December 24, 2015 07:51 pm | Updated 07:51 pm IST

Malladi Brothers. Photo: M. Moorthy

Malladi Brothers. Photo: M. Moorthy

Malladi Sreeramprasad said it was a prayer for the flood victims, seeking man-Nature harmony. The mood, therefore, was sombre, which precluded the scope for any acrobatics. The Keeravani alapana flowed slow and majestic, full of gravitas, imbuing the audience with a sense of peace.

Sreeramprasad began the raga with a long hum of the lower shadjam, and soon the brothers built up the raga essay with a series of long karvais with measured slowness, dwelling on each note — a sharp contrast to today’s T-20 Carnatic music. The result was a beautiful and tranquil Keeravani, with a Subhapanthuvarali feel— perhaps modelled on the Hindustani Keerwani, for it had echoes of Pandit Shivkumar Sharma (santoor) and Brigitte Menon (sitar). Violinist HN Bhaskar did a brilliant follow-through, playing in the same vein.

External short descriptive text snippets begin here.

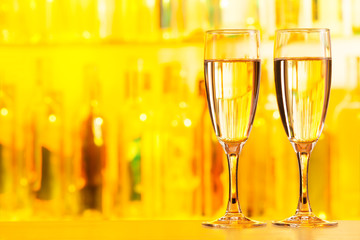 Two full flute glasses standing on bar counter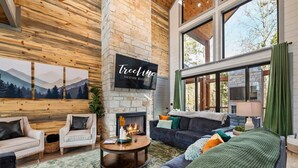 Una sala de estar acogedora con chimenea, ventanas amplias y un cartel de 'Treeline Vacation Rentals'.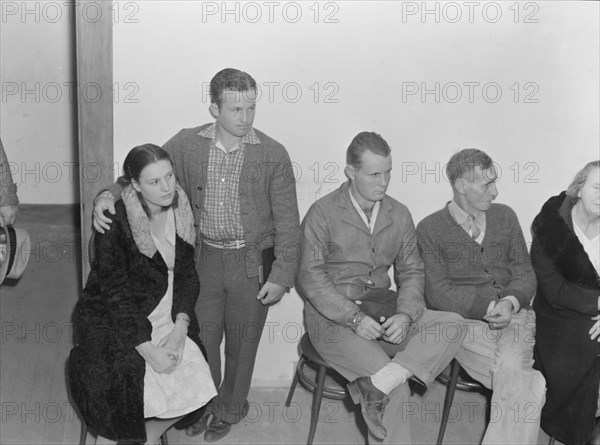 Night meeting in the FSA office, Visalia, Tulare County, California, 1938. Creator: Dorothea Lange.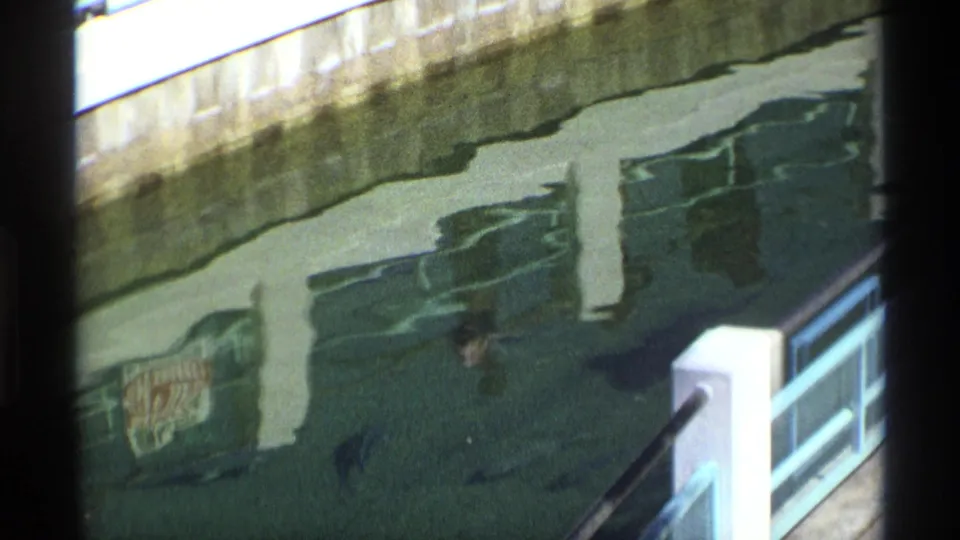 1970 8mm frame with a large dark fish-like or whale-like form just below the surface near reflected bridge supports and a white rail post.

After a brief tanam, the brothers sang an ode to the flood victims — the pallavi, ‘Panchabuta shantim dehi Parameswara karunaya’, was rendered without any tala exercises, just simple and straightforward.

However, the pre-RTP part of the concert was rather nondescript. Accompanied also by Guru Karaikudi Mani on the mridganam and N. Amrit on the ganjira, the brothers presented Thyagaraja compositions, in the ragas Suddha Dhanyasi (‘Enta Nerchina’), Varali (‘Eti Janmamu’) and Sankarabharanam (‘Eduta Nilache’).

Right through the concert, Karaikudi Mani played softly, meshing superbly with the singing and at the end of the Sankarabharanam piece the audience eagerly listened to the mridangist. The thani (along with Amrit) was brilliant, but was regrettably too short, leaving a sense of incompleteness.

In this concert, the brothers appeared to be a shade less than their regular selves. Even their swaras stuck to a pattern.

In contrast, at their concert for Parthasarathy Swamy Sabha, they presented some scintillating rare compositions including Dikshitar’s Bhairavi piece, ‘Chintayamam’ , ‘Gouri Sukumari’ in Vasantha, created by the renowned Telugu scholar Nallan Chakravartula Krishnamacharyulu and Narayana Tirtha’s Kalyani piece ‘Kathaya Kathaya’.

These interspersed familiar Thyagaraja kritis — ‘Muddumomu’ (Suryakantam) and ‘Teliyaleru Rama’ (Dhenuka), and ‘Paramathmudu’ (Vagadheeswari) and such.

It was a more wholesome concert than the one at Narada Gana Sabha. The Vasantha was particularly brilliant, and the entire concert was peppered with imaginative niraval and swaras — an aspect that was notably lacking in the other.